DATA SECTION -

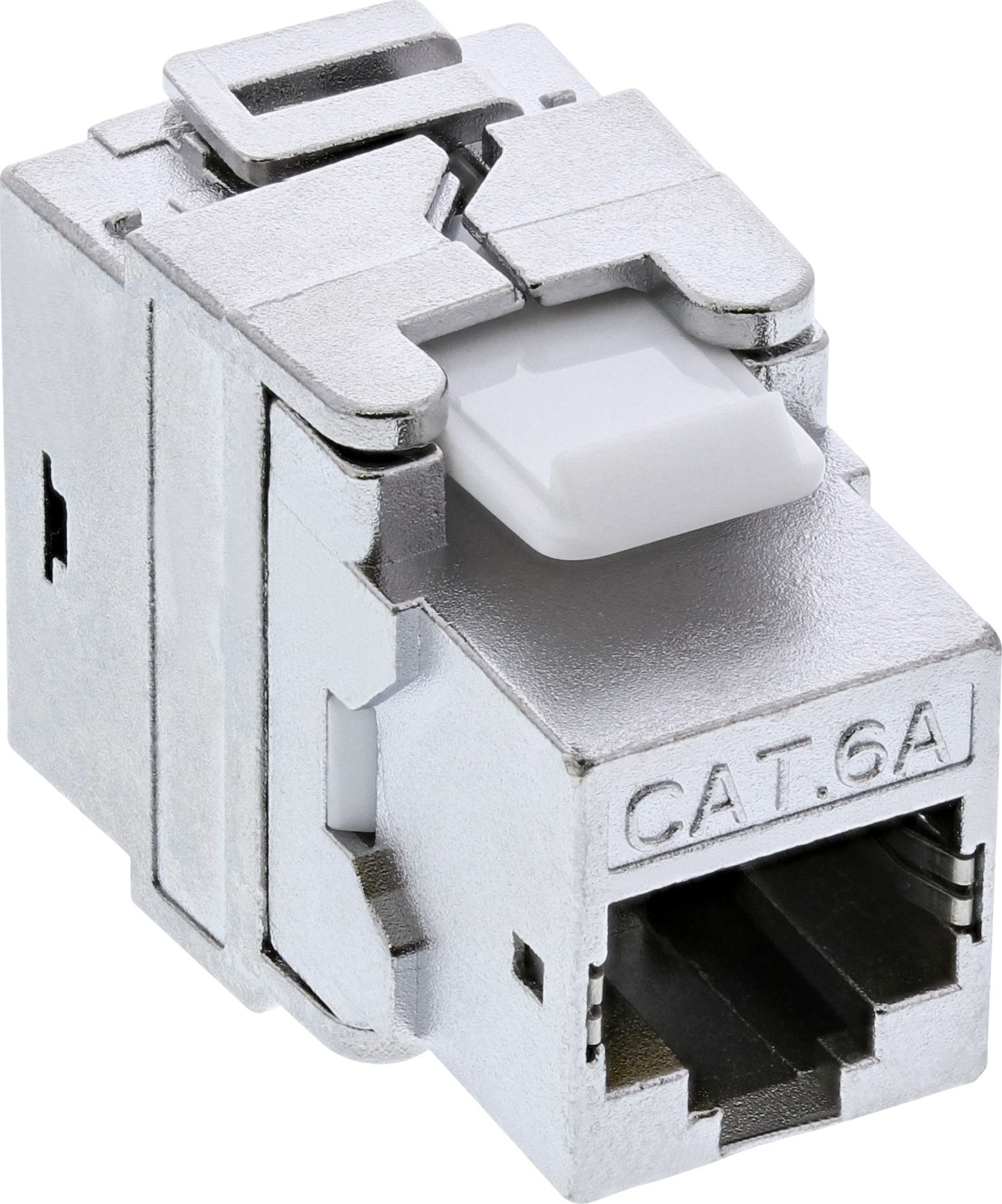 InLine InLine Moduł zatrzaskowy Premium RJ45 Keystone Jack 6a, z osłoną przeciwpyłową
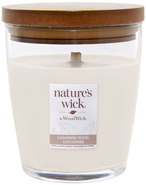 Wood Wick Cashmere Wool Vonná svíčka ve skle střední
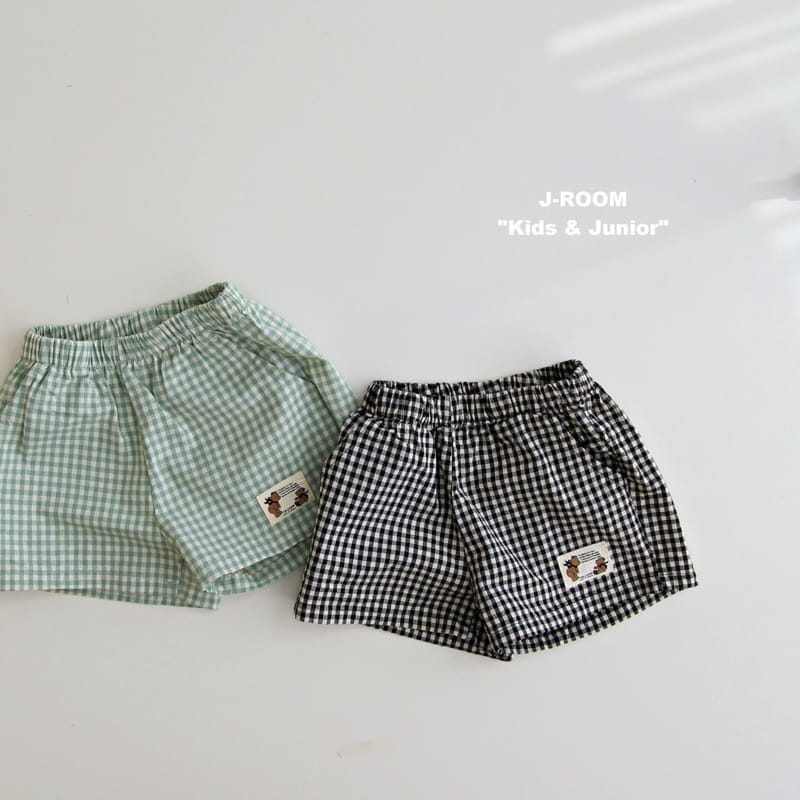 J-Room - Korean Children Fashion - #magicofchildhood - Check Lebel Shorts - 7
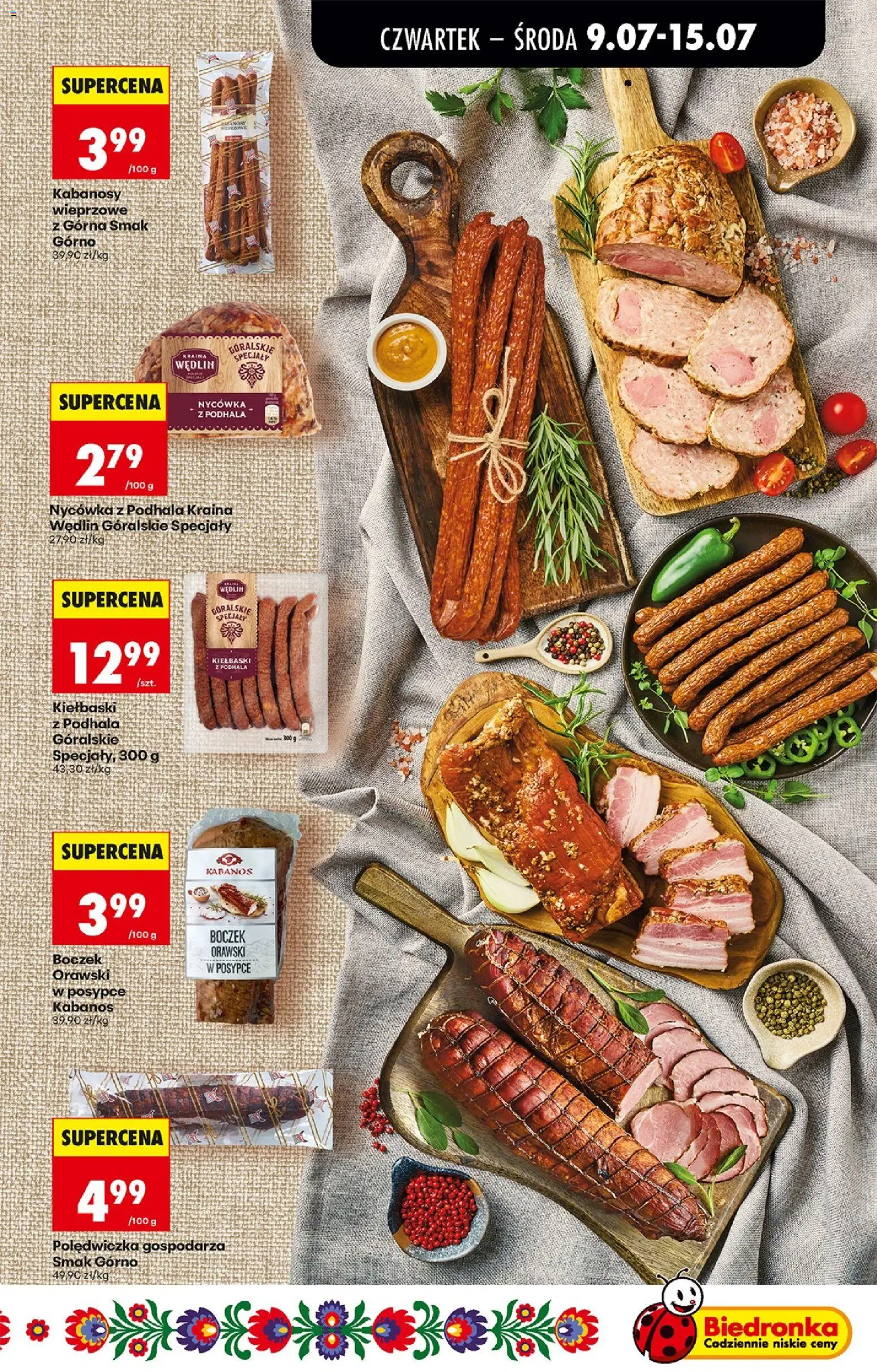 Biedronka Polsko leták - Codziennie niskie ceny od 09.07.2026 | Strana: 49 | Produkty: Kabanos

TASK DIRECTIONS -
Your task is to retype exactly, and only, the lines from the one that holds "Wood Wick Cashmere" through the end of the listing, both end lines included, without any pictures.

TASK SOLUTION -
 Wood Wick Cashmere Wool Vonná svíčka ve skle střední
 J-Room - Korean Children Fashion - #magicofchildhood - Check Lebel Shorts - 7
 Biedronka Polsko leták - Codziennie niskie ceny od 09.07.2026 | Strana: 49 | Produkty: Kabanos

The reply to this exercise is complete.